The global health problem was not just due to lack of money. Yes, resources allocated to keep the world protected were peanuts but whatever we had was not effectively utilised either. In a paper looking at world preparedness for a pandemic by the Journal of Health Security, we raised red flags that all pandemic preparedness may not be effective as we are measuring the wrong parameters — like counting the guns a country has but not checking if they could fire a bullet. The incomplete measures of preparedness gave countries a dangerous false security. All rich and developed countries ‘certified’ as best prepared for a pandemic, had to face the worst human and economic costs.
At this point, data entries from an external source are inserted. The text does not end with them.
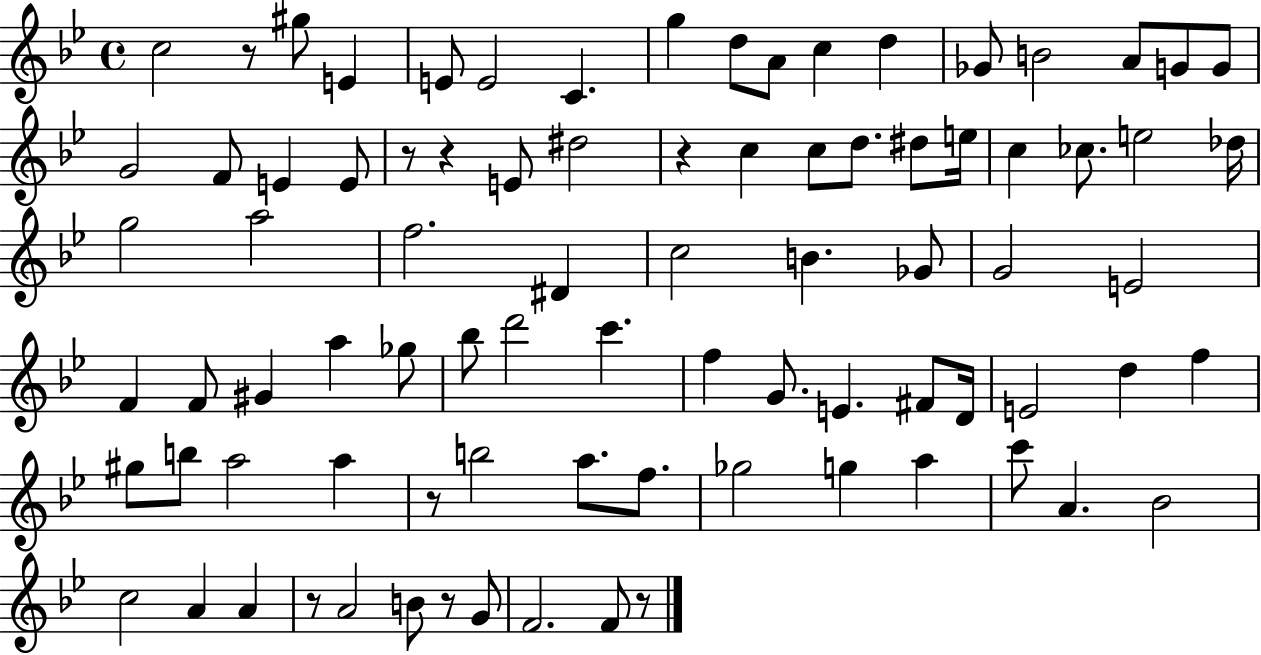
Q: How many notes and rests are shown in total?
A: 85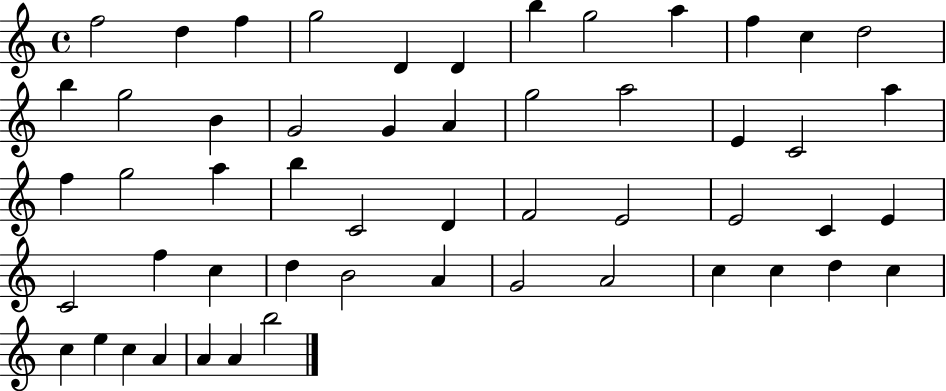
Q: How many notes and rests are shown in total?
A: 53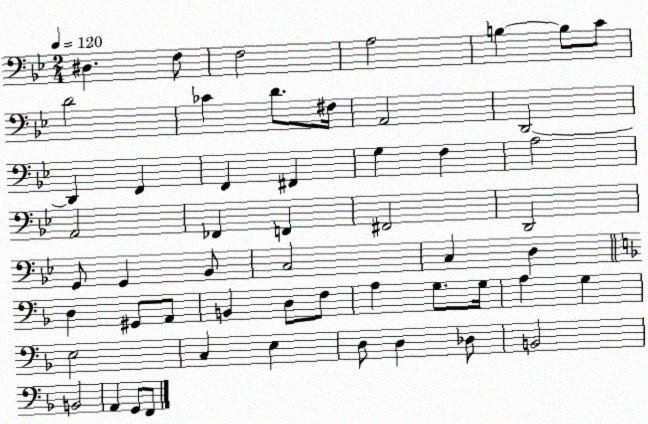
X:1
T:Untitled
M:2/4
L:1/4
K:Bb
^D, F,/2 F,2 A,2 B, B,/2 C/2 D2 _C D/2 ^F,/4 A,,2 D,,2 D,, F,, F,, ^F,, G, F, A,2 A,,2 _F,, F,, ^F,,2 D,,2 G,,/2 G,, _B,,/2 C,2 C, D, D, ^G,,/2 A,,/2 B,, D,/2 F,/2 A, G,/2 G,/4 A, G, E,2 C, E, D,/2 D, _D,/2 B,,2 B,,2 A,, G,,/2 F,,/2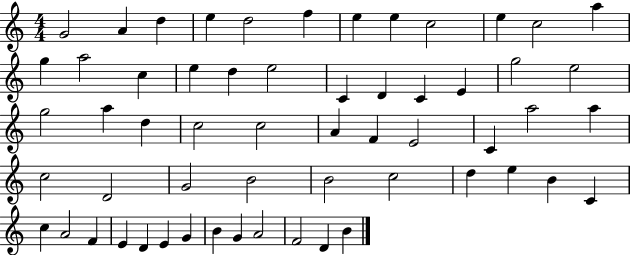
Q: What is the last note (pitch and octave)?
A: B4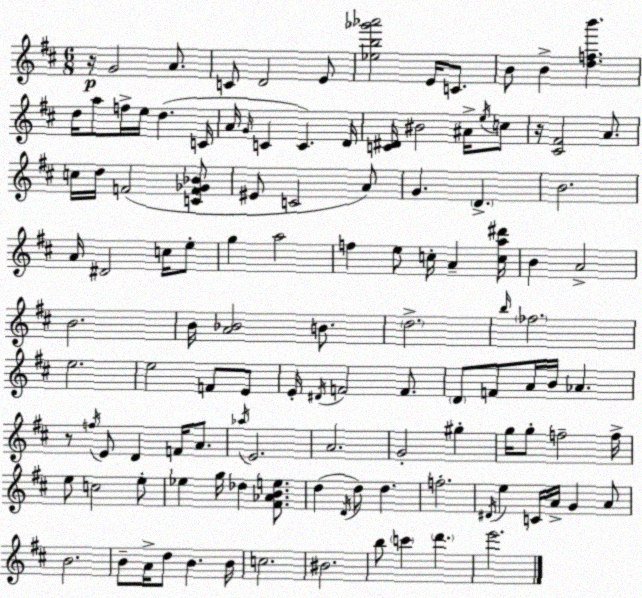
X:1
T:Untitled
M:6/8
L:1/4
K:D
z/4 G2 A/2 C/2 D2 E/2 [_eb_g'_a']2 E/4 C/2 B/2 B [dfb'] d/4 a/2 f/4 e/4 d C/4 A/4 G/4 C C D/4 [C^D]/4 ^B2 ^A/4 e/4 c/2 z/4 [^C^F]2 A/2 c/4 d/4 F2 [CF_G_B]/2 ^E/2 C2 A/2 G D B2 A/4 ^D2 c/4 e/2 g a2 f e/2 c/4 A [ca^d']/4 B A2 B2 B/4 [A_B]2 B/2 d2 b/4 _f2 e2 e2 F/2 E/2 E/4 ^D/4 F2 F/2 D/2 F/2 A/4 B/4 _A z/2 f/4 E/2 D F/4 A/2 _a/4 E2 A2 G2 ^g g/4 g/2 f2 f/4 e/2 c2 e/2 _e g/4 _d [^F_ABe]/2 d D/4 d/2 d f2 ^D/4 e C/4 A/4 G A/2 B2 B/2 A/4 d/2 B B/4 c2 ^B2 b/2 c' d' e'2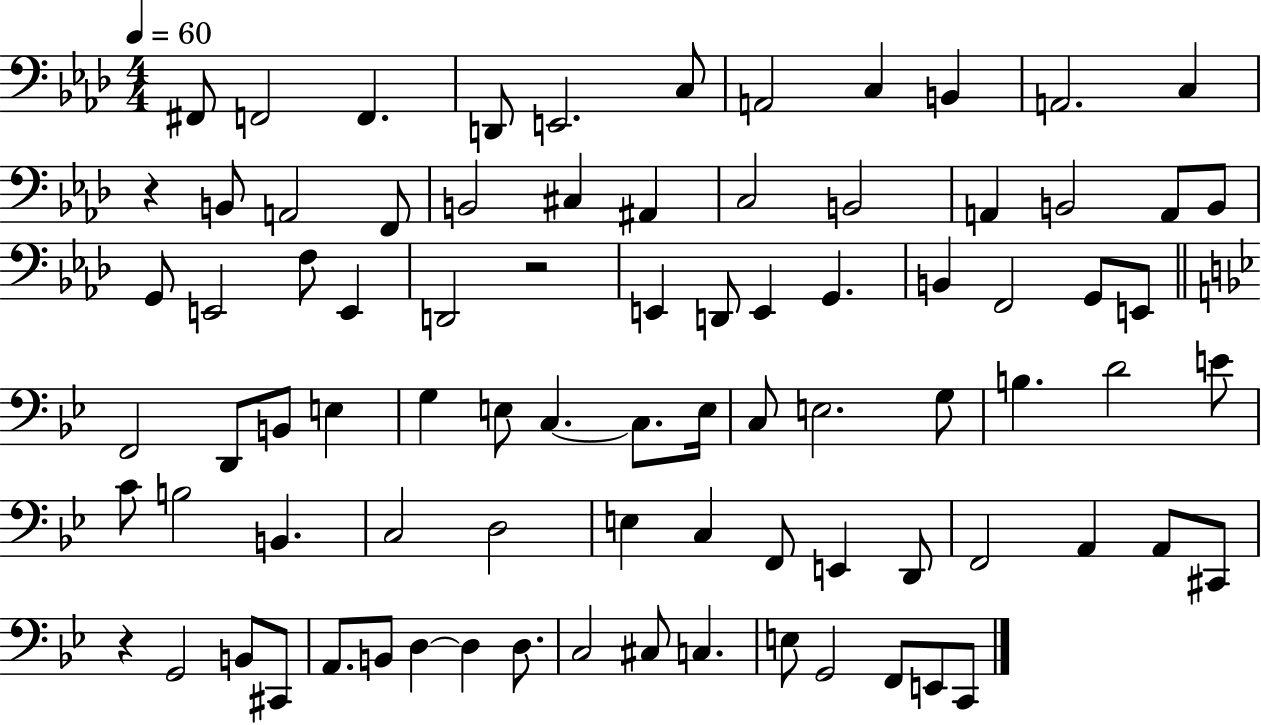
X:1
T:Untitled
M:4/4
L:1/4
K:Ab
^F,,/2 F,,2 F,, D,,/2 E,,2 C,/2 A,,2 C, B,, A,,2 C, z B,,/2 A,,2 F,,/2 B,,2 ^C, ^A,, C,2 B,,2 A,, B,,2 A,,/2 B,,/2 G,,/2 E,,2 F,/2 E,, D,,2 z2 E,, D,,/2 E,, G,, B,, F,,2 G,,/2 E,,/2 F,,2 D,,/2 B,,/2 E, G, E,/2 C, C,/2 E,/4 C,/2 E,2 G,/2 B, D2 E/2 C/2 B,2 B,, C,2 D,2 E, C, F,,/2 E,, D,,/2 F,,2 A,, A,,/2 ^C,,/2 z G,,2 B,,/2 ^C,,/2 A,,/2 B,,/2 D, D, D,/2 C,2 ^C,/2 C, E,/2 G,,2 F,,/2 E,,/2 C,,/2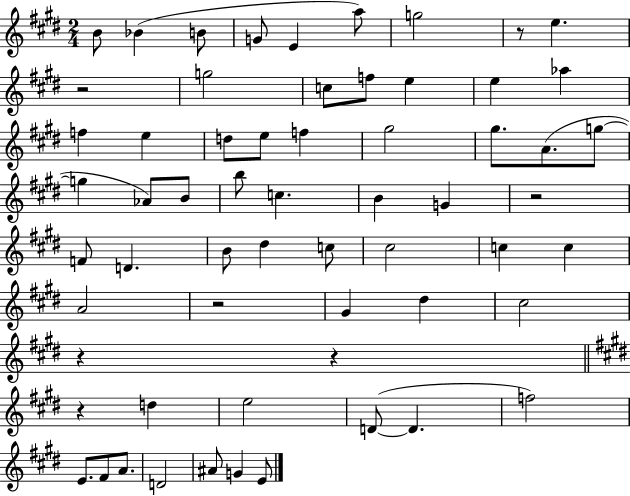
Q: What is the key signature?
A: E major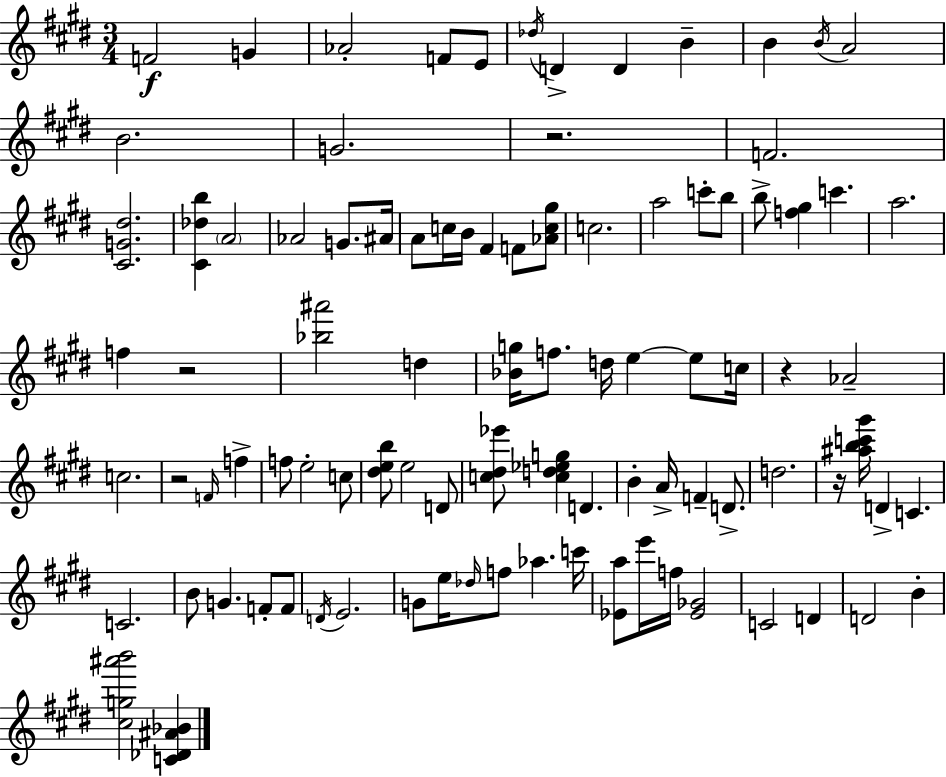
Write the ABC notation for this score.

X:1
T:Untitled
M:3/4
L:1/4
K:E
F2 G _A2 F/2 E/2 _d/4 D D B B B/4 A2 B2 G2 z2 F2 [^CG^d]2 [^C_db] A2 _A2 G/2 ^A/4 A/2 c/4 B/4 ^F F/2 [_Ac^g]/2 c2 a2 c'/2 b/2 b/2 [f^g] c' a2 f z2 [_b^a']2 d [_Bg]/4 f/2 d/4 e e/2 c/4 z _A2 c2 z2 F/4 f f/2 e2 c/2 [^deb]/2 e2 D/2 [c^d_e']/2 [cd_eg] D B A/4 F D/2 d2 z/4 [^abc'^g']/4 D C C2 B/2 G F/2 F/2 D/4 E2 G/2 e/4 _d/4 f/2 _a c'/4 [_Ea]/2 e'/4 f/4 [_E_G]2 C2 D D2 B [^cg^a'b']2 [C_D^A_B]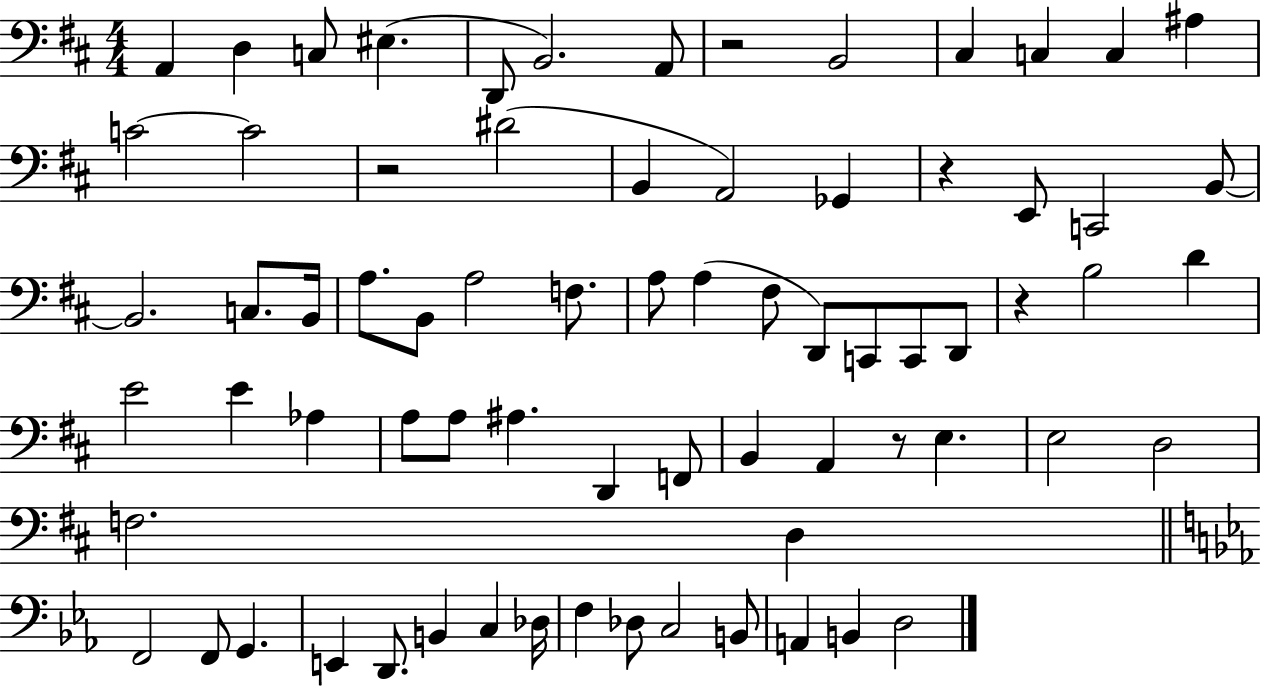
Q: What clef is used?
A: bass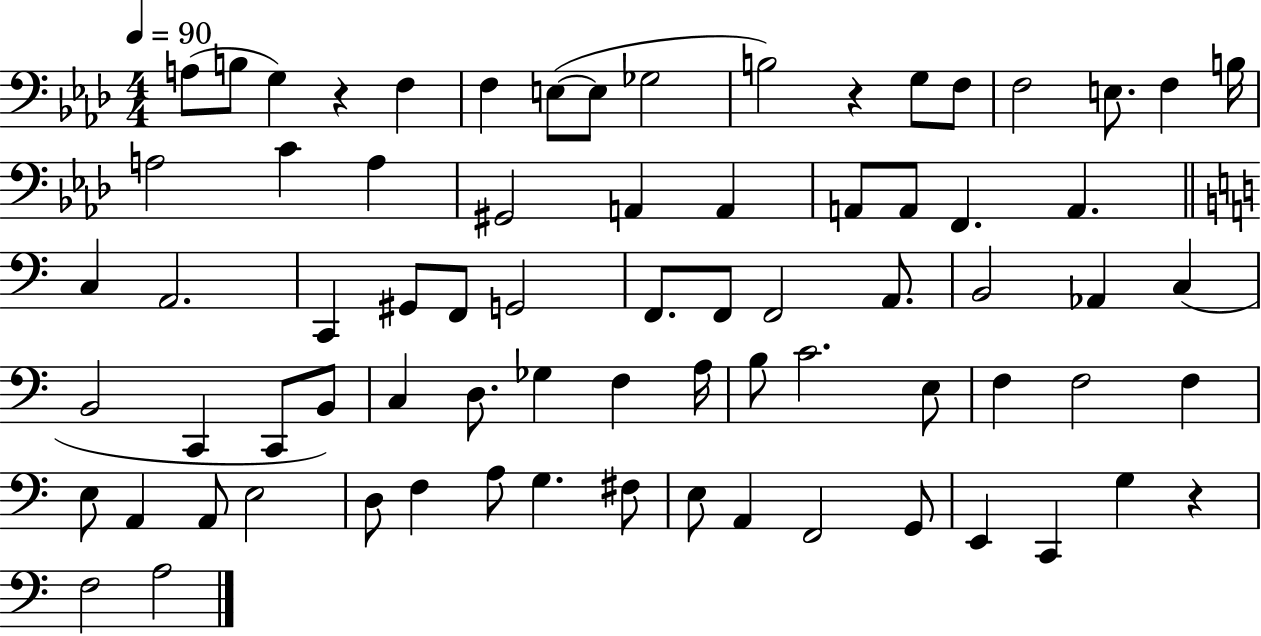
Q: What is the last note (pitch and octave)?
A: A3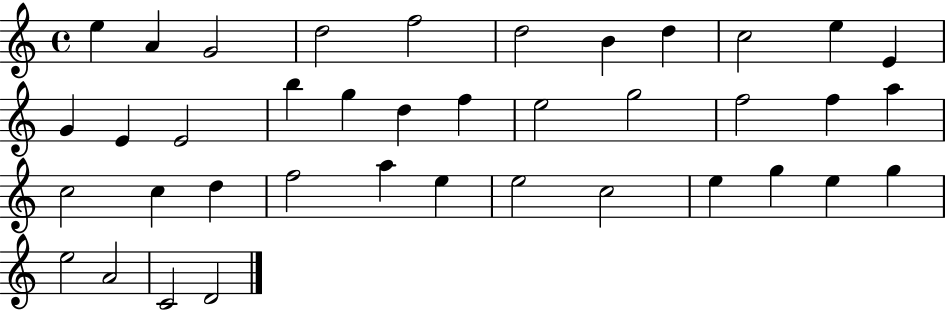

There are structural challenges in how global health has been funded and managed in the past. Most technical leadership of international organisations was replaced by those with more expertise in finance and management than global health. With minimal on-ground field experience in outbreak controls, they were like generals who never fought on ground. With PhDs from top educational institutes, they lacked knowledge of ground realities. Political influences in filling key positions and funding allocations to favourite health programmes became a reality. With no accountability of those making wrong strategic decisions meant this ship was destined to collide with an iceberg and even after a year from the start of pandemic, most countries are still struggling with it.
Covid-19 has not only cost us in human life, misery and money but also has brought our weaknesses in pandemic preparedness in the open. This may be the only silver lining of this coronavirus pandemic that we learn from our mistakes and reorganize global health especially in areas of health security. Resources needs to be properly allocated but also transparency and accountability must be an integral component of “new’ global health. Vaccines may have saved the day, but pandemic threat is not over from other similar microorganisms. We cannot afford to have another similar pandemic where we fail to detect it early and control it locally. Even the strongest walls of a fort cannot sustain the uninterrupted barrage of attacks and we need to have new ideas to enter safely and securely in post Covid-19 era.
Published in The Express Tribune, December 23rd, 2020.